L’officier échange quelques mots avec les deux soldats qui guenillent derrière lui, le fusil en bandoulière, fatigués par des années passées loin de chez eux. Des arrapans, les capitules de grande bardane, s’accrochent aux fanfreluches de leurs uniformes blancs tachés. Leurs guêtres noires sont couvertes de boue. Ce sont des Autrichiens, mal équipés pour ce début d’hiver 1818, et que la bise frigorifie.
Ils finissent de traverser les plants de fougère épaisse entrecoupés de bruyères et de grandes ronces qui s’ingénient à leur compliquer la marche, et parviennent à un petit chemin, les mains piquées de sang et les uniformes déchirés. Devant le moulin, deux saules vanniers, aux troncs torturés, sont taillés en têtard et attendent le retour du printemps pour produire les longues tiges qui seront utilisées pour confectionner des paniers.

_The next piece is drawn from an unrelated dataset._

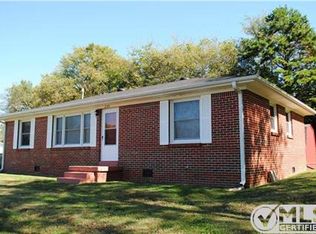 250 Hogan Rd, Gordonsville, TN 38563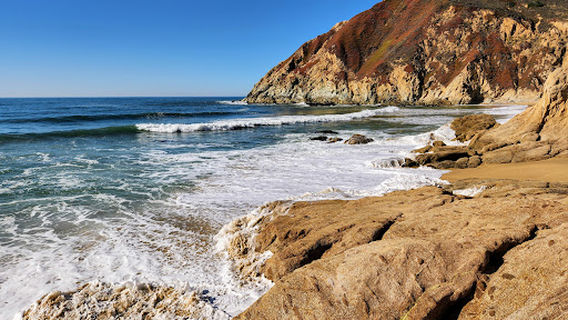 Gray Whale Cove State Beach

Les trois hommes se dirigent vers la porte de la maison. L’officier ouvre sans frapper. Ils pénètrent directement dans une cuisine mal éclairée par une petite fenêtre au rebord encombré de petits pots, et d’une soucoupe sur laquelle sont disposés une croix et un petit cœur en argent. Une odeur de fricassée de pommes de terre leur assaille les narines. Une grande poêle fume doucement sur un fourneau en fonte. Ce sont des criques qui cuisent là. La femme qui cuisinait se retourne à leur entrée. Elle est petite, tordue par l’arthrose, vêtue d’une jupe noire, d’un caraco de lainage, et d’un tablier de toile d’un blanc passé.

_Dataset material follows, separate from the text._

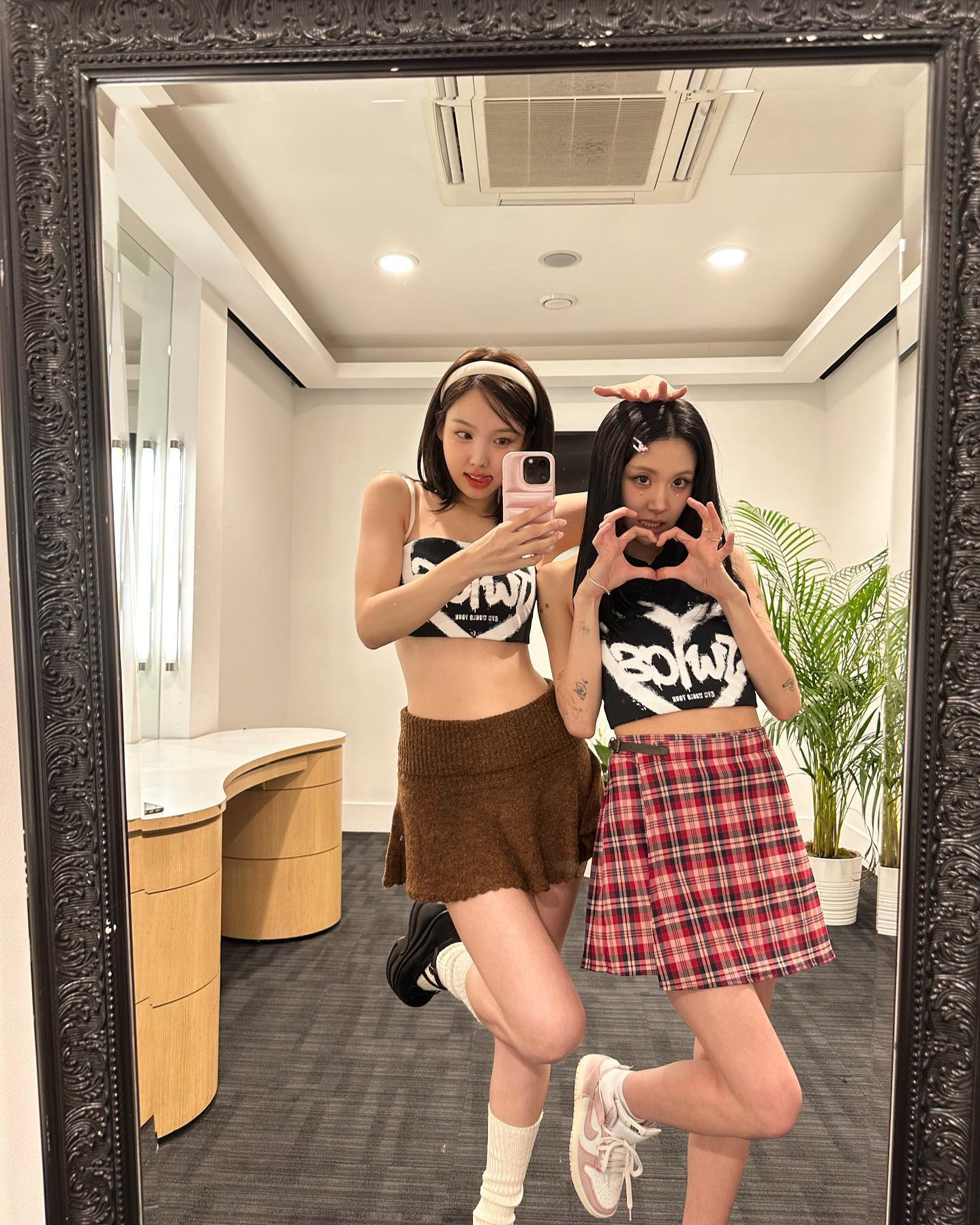 셀럽 폰케이스 브랜드 한국 론칭!🙌🏻

셀럽들이 사랑하는 케이스 브랜드 어반 소피스티케이션이 한국에 정식 론칭합니다. 지난 25일 어반 소피스티케이션은 한국 공식 인스타그램 계정을 오픈하고, ‘커밍 순’이라고 론칭을 예고해 기대를 모으고 있는데요. 어반 소피스티케이션 한국 계정에서 추후 업데이트 소식을 주목해 보세요! 이미지3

Dans la demi-lumière, son visage ridé sous un simple bonnet de piqué dévoile son âge.
L’officier se frise une moustache, qu’il a fort belle et fort pointue. D’un geste élégant, il enlève son tricorne.
— Ponchour Madâme.
Elle toise les intrus qui viennent de pénétrer chez elle. L’éclair de colère qui passe dans son regard est masqué par le manque de lumière.

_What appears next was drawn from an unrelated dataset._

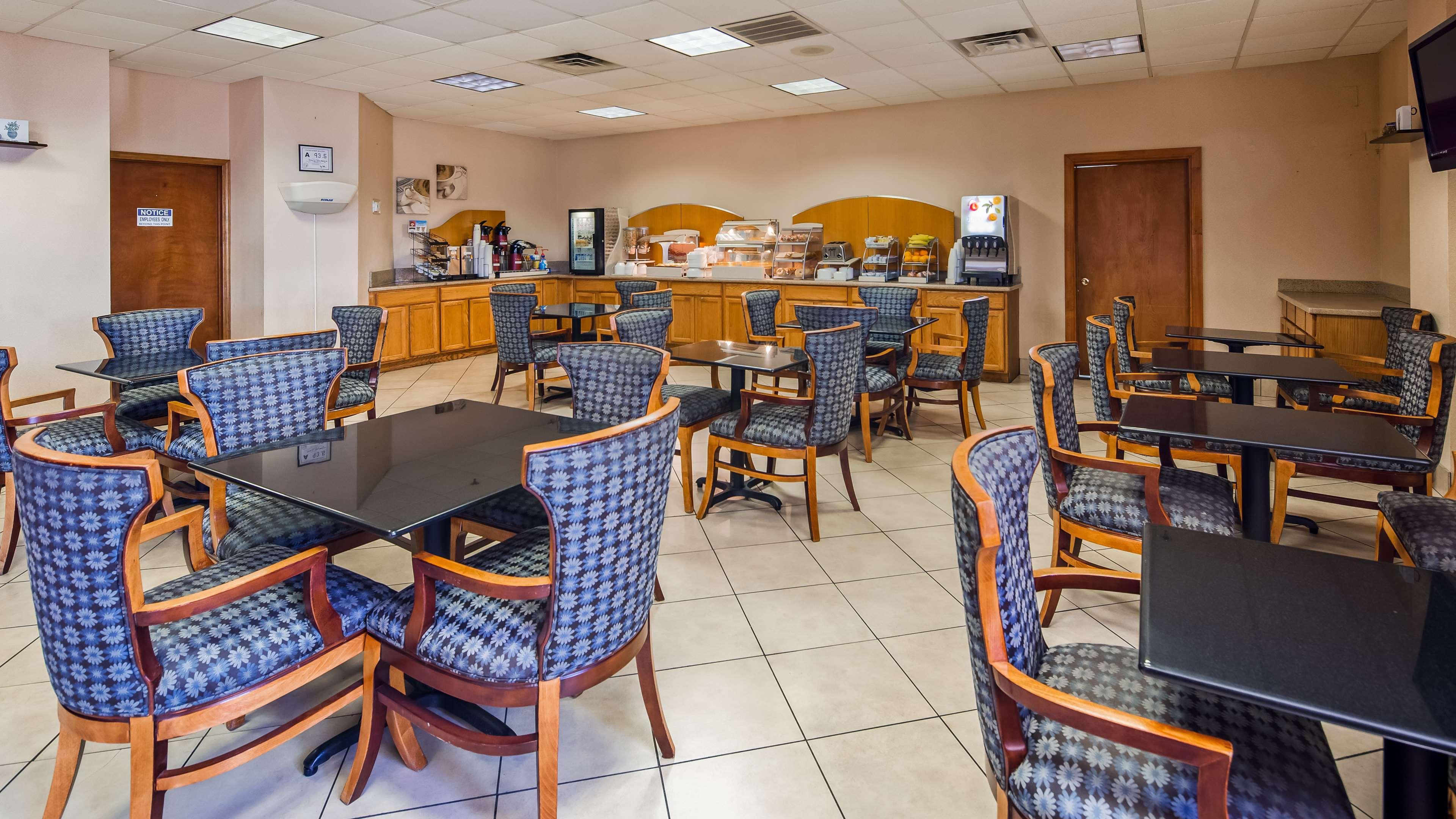 Clarion Pointe Jacksonville Near Camp Lejeune מראה חיצוני תמונה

— Quoi c’est t’y qui veulent les bacalats ?
Les soldats échangent un regard. En trois ans de cohabitation, ils ont appris un peu des façons de s’exprimer des paysans de cette partie de l’Isère. Leur officier, n’a pas cette chance. Ses fréquentations de la petite bourgeoisie l’empêchent de comprendre qu’ils viennent de se faire traiter d’idiots.
— Fous êtes seule ?
— Mon fils et ses matrus sont à la battue pour brûler des loups. Y vont bientôt rentrer.
— Nous zommes épuisés par une longue marche, auriez-vous l’ambilidé de nous donner un peu d’eau ?
Sans se retourner, la vieille montre la porte
— Passez derrière, y’a un puits à côté du gabot.
L’homme tend la tête. Devant le regard étonné de leur officier, les soldats traduisent.
— Die Frau sagt, dass es draußen neben dem pool einen Brunnen gibt
Le soldat s‘incline, et se fends d‘un sourire.
— Berci Madâme
Ils sortent. La vieille marmonne entre ces dents.
— Trois lieues qu’ils marchent le long d’une rivière sans y trouver de l’eau...
Dehors, les soldats se dirigent vers le puits. C’est un simple trou dans le sol, au contour à peine marqué d’une rangée de pierre. Un soldat attrape un lourd seau posé sur le rebord, et se met en quête d’une corde. L’officier s’avance avec l’autre homme. Ils se penchent. L’obscurité cache l’eau au fond. Du bout de la chaussure, il fait rouler un caillou dedans. Il se passe plusieurs secondes avant qu’un plouf ne remonte en écho.
— es ist tief
L’autre soldat revient au moment où, d’une paire de coups de fourche, la vieille, sortie derrière eux pousse l’officier et son camarade dans le puits. Embringué par la corde, il n’a pas le temps de réagir. Elle fait deux pas vers lui et lui plante la pointe de son outil dans le ventre. Il recule, arrache la fourche et désarme son agresseur. La blessure est douloureuse et profonde. Il se rue maladroitement sur la grand-mère qui l’esquive de justesse, et il se retrouve face au puits. Il sent une poussée dans son dos, tente vainement de battre des bras pour reprendre son équilibre avant de basculer en avant en poussant un hurlement.
***
Le garçon d’une douzaine d’années est sagement assis dans le canapé. Dans sa tête, il voit les gestes de la grand-mère, entend les hurlements des hommes en train de tomber et de se noyer. Il boit un peu d’antésite dans le verre que lui a donné sa vieille tante qui termine de raconter son histoire.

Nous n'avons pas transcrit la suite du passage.